Here are some examples from the missive, followed by some expert opinions.
"When a guest in another's house, you do not lie in bed until late morning in households that rise early - you fall in line with house norms."
Staying at someone else's home can be a minefield of dilemmas for many a guest but choosing what time to appear at the breakfast table is one that can be easily cleared up the night before, says etiquette expert Liz Brewer.
"Even when staying at the grandest houses, the hostess will say breakfast is at X o'clock and we'd like you to join us then. If you are very tired, it is acceptable to maybe ask 'would you mind if I have a lie in?'. But that has to be established beforehand.
"When staying with the in-laws you'd have thought you would have wanted to make a good impression."
"No-one gets married in a castle unless they own it. It is brash, celebrity-style behaviour."
For many couples - and brides in particular - their big day is something they have spent years imagining and planning. With this in mind, it's no surprise that the choice of venue tends to be somewhere special, like a castle.
Andrea Ventress of Wedding magazine says just because you don't happen to live in one doesn't mean you have to rule it out, particularly as more and more stately homes and castles have got wedding licences in the last decade.
"It's a way that a lot of these big places stay open.
"Yes, someone like Madonna got married in a castle but a lot of very normal, real-life couples can get married in these settings. There are lots of castles around the UK where you could absolutely afford to get married. Everyone has the right to a fairytale wedding. "
"You do not take additional helpings without being invited to by your host."
The suggestion that Miss Withers helped herself to seconds before being offered more by her hostess is seen as a definite no-no. Unless, that is, you are considerate enough to look out for your fellow diners first, says etiquette expert William Hanson.
"If there are communal dishes, and wine, on the table the polite thing to do is turn to the person next to you, offer them some more sprouts, wine or whatever it is and then help yourself."
"I understand your parents are unable to contribute very much towards the cost of your wedding. (There is nothing wrong with that except that convention is such that one might presume they would have saved for their daughters' marriages.) If this is the case, it would be most ladylike and gracious to lower your sights and have a modest wedding."
By discussing money Mrs Bourne is mentioning the very British unmentionable. And on the subject of a bride's parents paying for a wedding, it is outdated, says Miranda Eason, editor of You & Your Wedding and Cosmopolitan Bride.

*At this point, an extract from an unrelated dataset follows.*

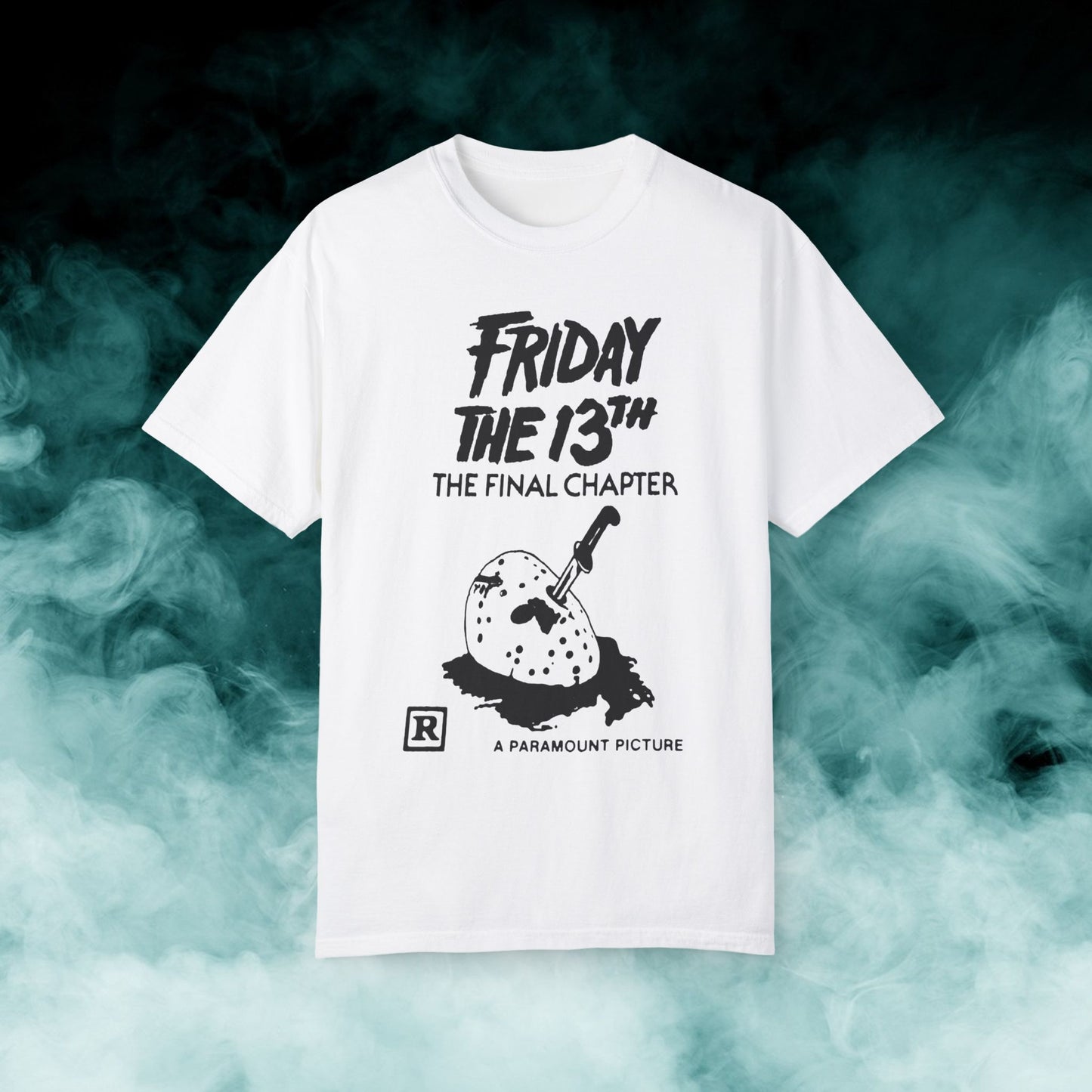 Friday the 13th "The Final Chapter" Horror Movie T-shirt (Merch)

"Our research [21st Century bride online survey 2010] shows that only around 10% of couples rely on their parents for funds. Forty-two per cent of weddings are an all-in-it-together venture with everyone contributing - the couple and both sets of parents. But nearly half (47%) of couples now finance the entire celebration themselves, largely because they are older than when their parents married - the average age for a bride is 29 - and are more financially independent.
"They want to plan the wedding they want without feeling obliged to give into pressure from the parents paying the bills."
"When you are a guest in another's house, you do not declare what you will and will not eat - unless you are positively allergic to something."
In a world full of food awareness and choice, people are increasingly picky about what they eat. But when sitting at someone else's table in their home, Jill Harbord, the headmistress in ITV's Ladette to Lady, says suggesting a dislike for something that has been prepared for you is unacceptable.
"You certainly don't go into the house and say I hate X. That would be very bad manners. If you are allergic to something, you don't say it as you arrive. You should give prior warning before your visit. It's about having respect for your hostess."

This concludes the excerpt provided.